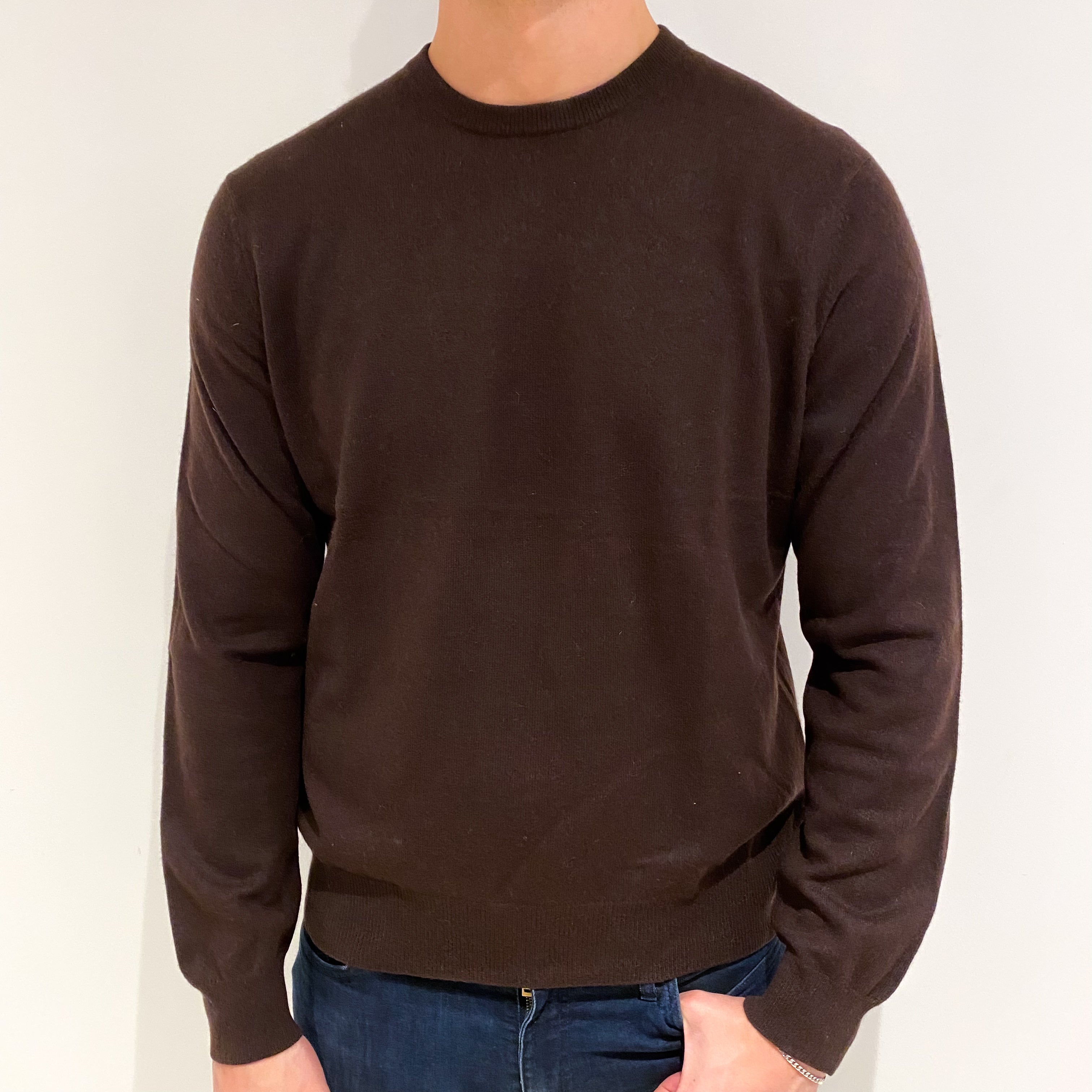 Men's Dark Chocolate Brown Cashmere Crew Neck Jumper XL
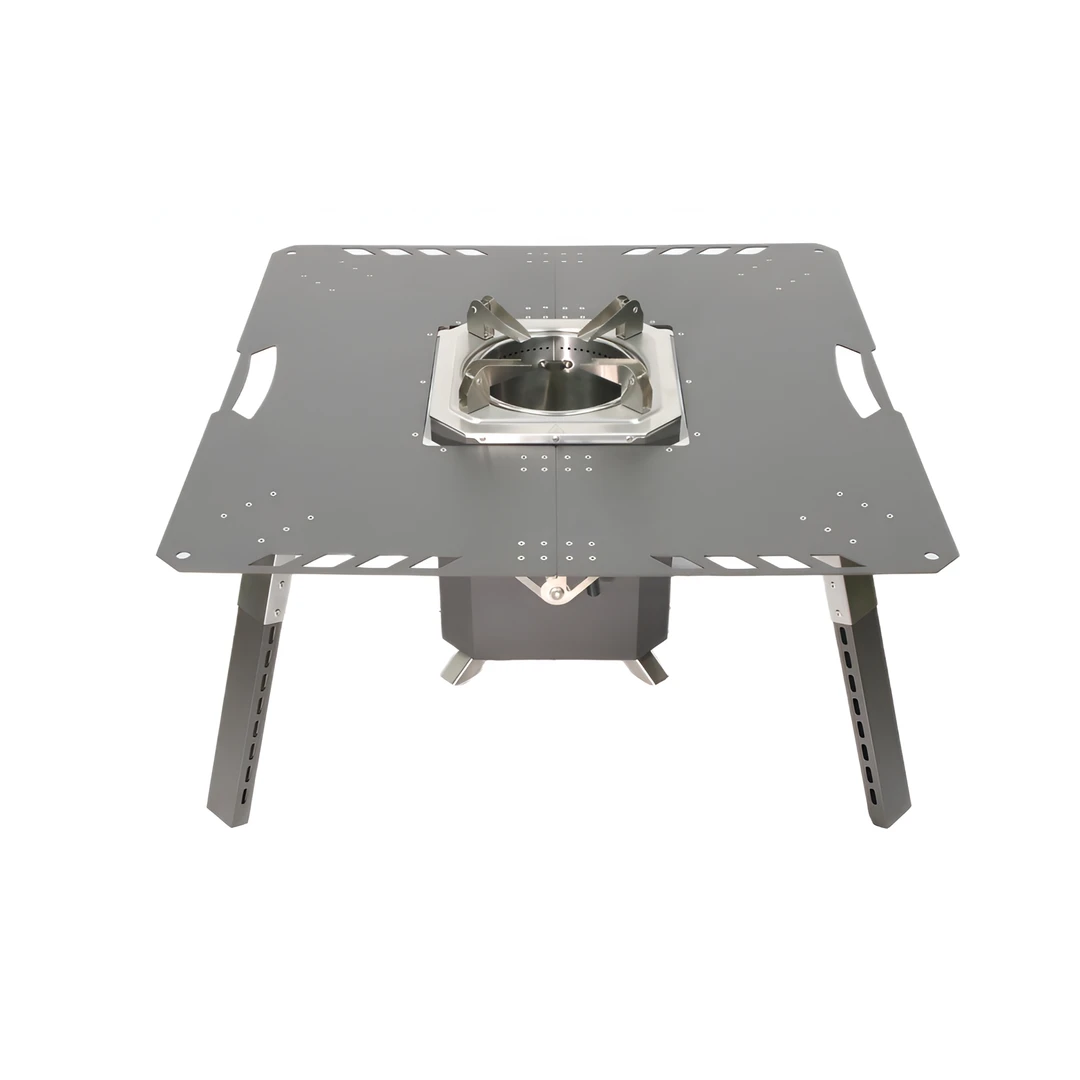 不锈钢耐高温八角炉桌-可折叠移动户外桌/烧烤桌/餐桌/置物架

---

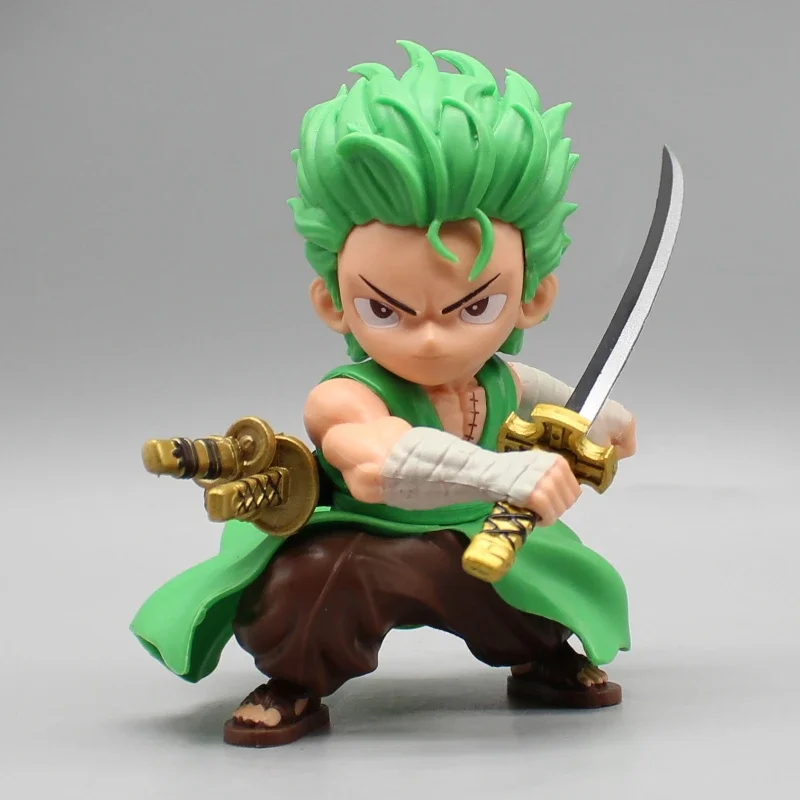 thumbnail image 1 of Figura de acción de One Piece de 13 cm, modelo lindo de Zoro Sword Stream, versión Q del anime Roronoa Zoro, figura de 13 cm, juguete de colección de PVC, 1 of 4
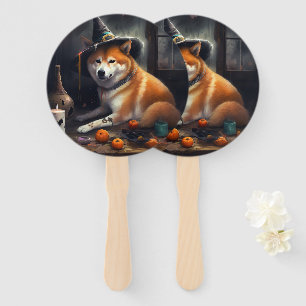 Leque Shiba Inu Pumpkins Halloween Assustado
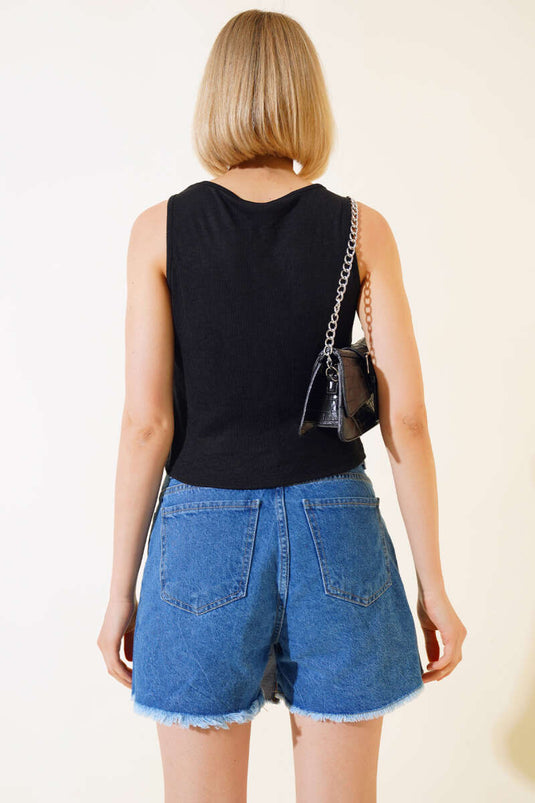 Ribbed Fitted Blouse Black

--

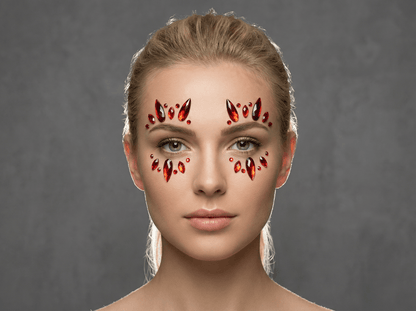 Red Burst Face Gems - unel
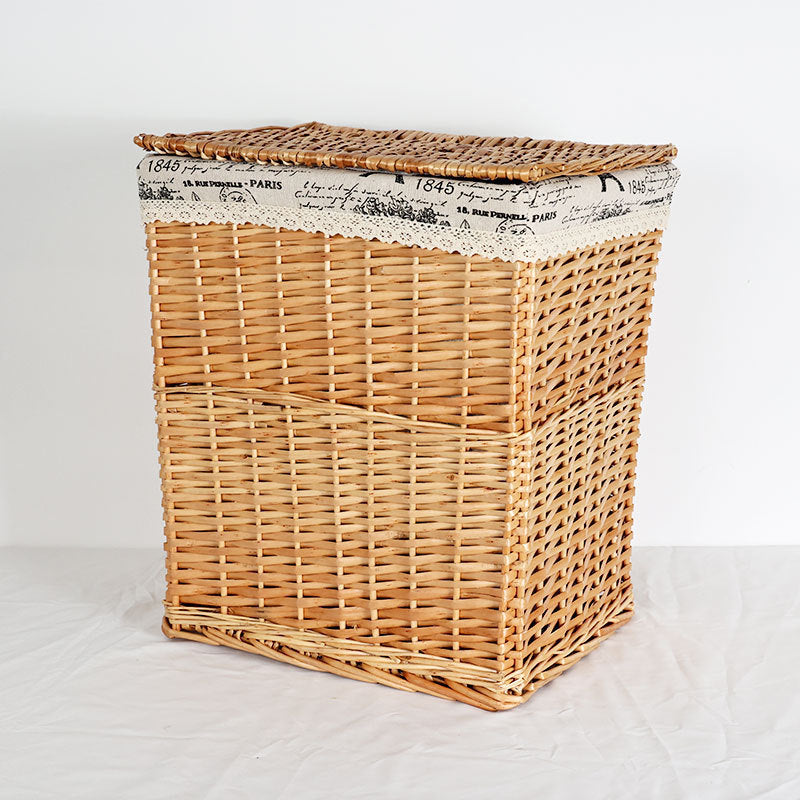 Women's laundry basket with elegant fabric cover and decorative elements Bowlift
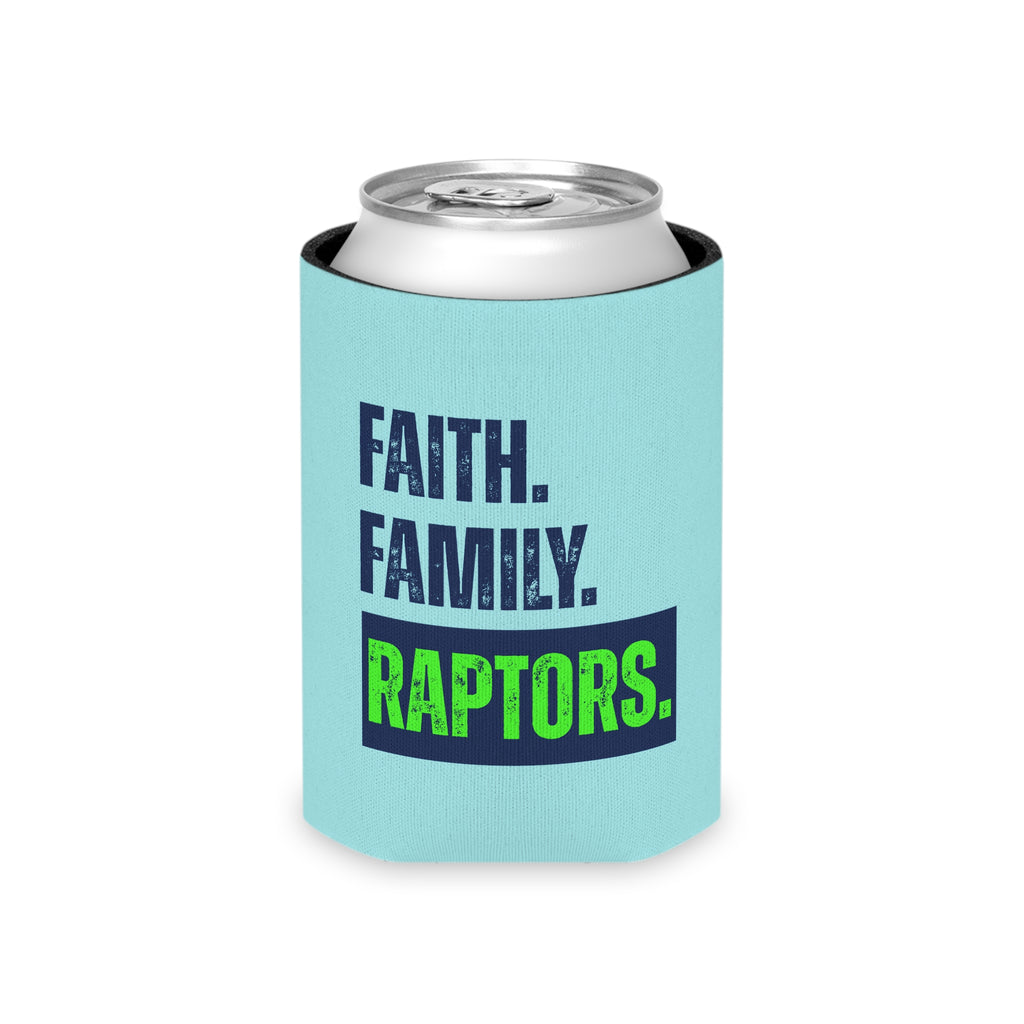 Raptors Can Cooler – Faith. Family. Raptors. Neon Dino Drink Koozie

# Problem description:
Pictures excluded, give again exactly and only the lines of the material above from the line with "thumbnail image 1" through the line with "Ribbed Fitted Blouse Black".

# Task result:
 thumbnail image 1 of Figura de acción de One Piece de 13 cm, modelo lindo de Zoro Sword Stream, versión Q del anime Roronoa Zoro, figura de 13 cm, juguete de colección de PVC, 1 of 4
 Leque Shiba Inu Pumpkins Halloween Assustado
 Ribbed Fitted Blouse Black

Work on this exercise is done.